C'est à une des rétrospectives les plus singulières et sans doute les plus complexes que le vénérable Museum of Modern Art de New York s'est attaqué: comment faire entrer la musique, en l'occurrence la pop-électro de Björk, au musée?
Car le MoMa, temple du Pop Art si l'en est, ambitionne non seulement d'illustrer la carrière largement expérimentale de l'Islandaise, mais aussi d'offrir un précédent à d'autres musées en multipliant les supports, tout en prenant le visiteur par la main.
La rétrospective Björk, qui s'ouvre dimanche et dure jusqu'au 7 juin, propose une déambulation onirique sur deux étages à travers les huit albums solos de l'ancienne chanteuse des déjantés Sugarcubes.
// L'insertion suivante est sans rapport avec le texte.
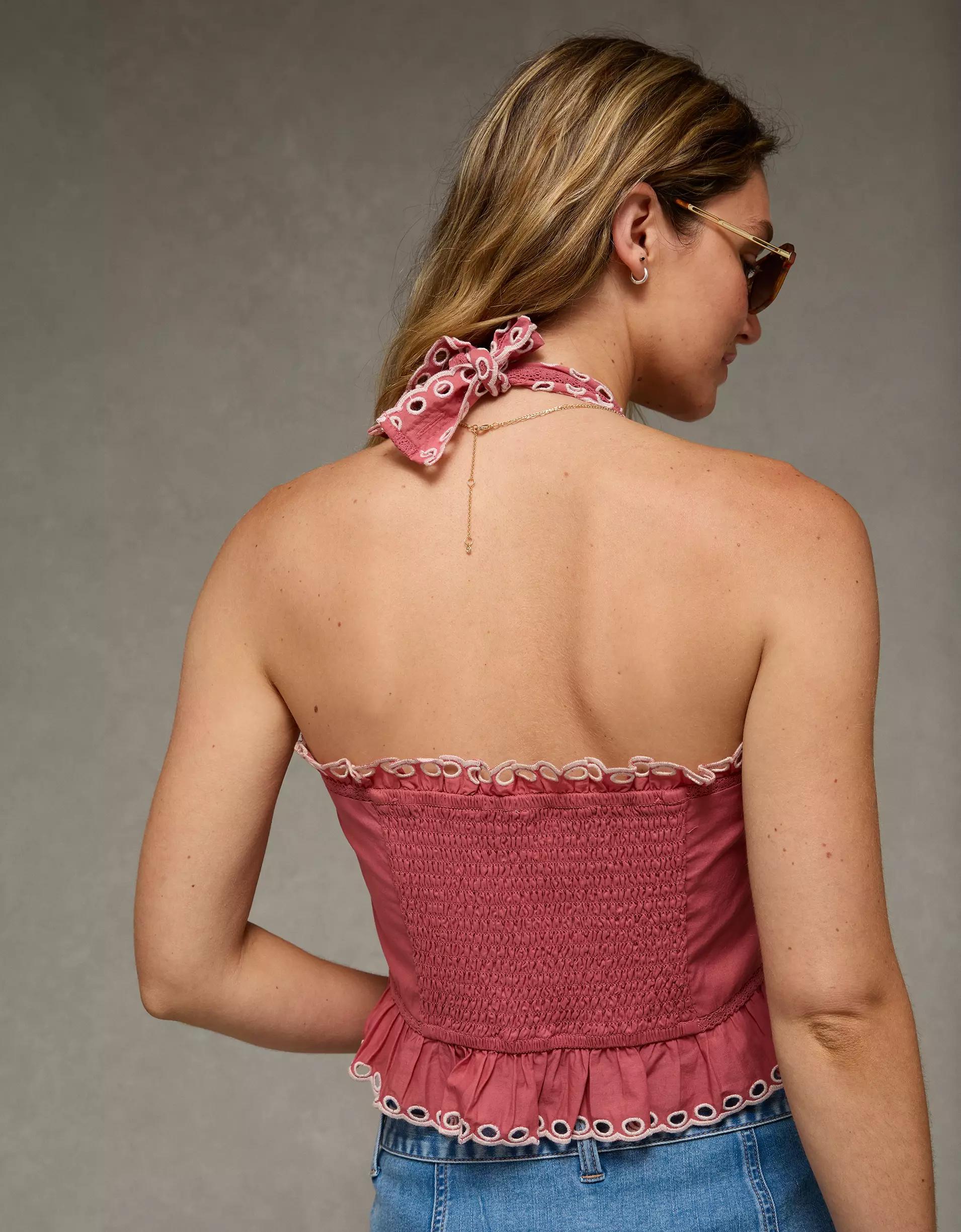 AE Eyelet Crop Top Product Image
Chaque visiteur a droit à un casque audio qui débite un récit biographique (imaginaire) de Björk censé mettre sa musique en exergue.
Le narrateur, Antony, le chanteur au timbre chaud d'Antony and the Johnsons, incite à la réflexion à chaque tableau qui compose cette fresque écrite par le poète islandais Sjon. Au coeur de l'intrigue: une fillette née dans les sables noirs qui se lance dans la défense des plus faibles.
Les carnets sur lesquels Björk a couché ses pensées sont aussi de la partie. "Je ne me reconnais pas/ C'est très intéressant", note-t-elle sur une page -- des paroles ensuite reprises dans la chanson "Headphones".
Plus prosaïquement, l'exposition propose les tenues les plus extravagantes de Björk, comme la "robe-cygne" blanche qu'elle avait portée pour la remise des Oscars en 2001, ou des "instruments" utilisés par l'artiste, à l'instar de cette bobine Tesla, un transformateur électrique qui a fait son apparition dans l'album "Biophilia" en 2011.
- 'Casser les règles' -
"Björk nous a demandé de repousser les limites de la technologie et du son, mais surtout de ce que nous pouvions faire dans le cadre d'une exposition", a expliqué à la presse Glenn Lowry, directeur du MoMa, quelques jours avant le vernissage.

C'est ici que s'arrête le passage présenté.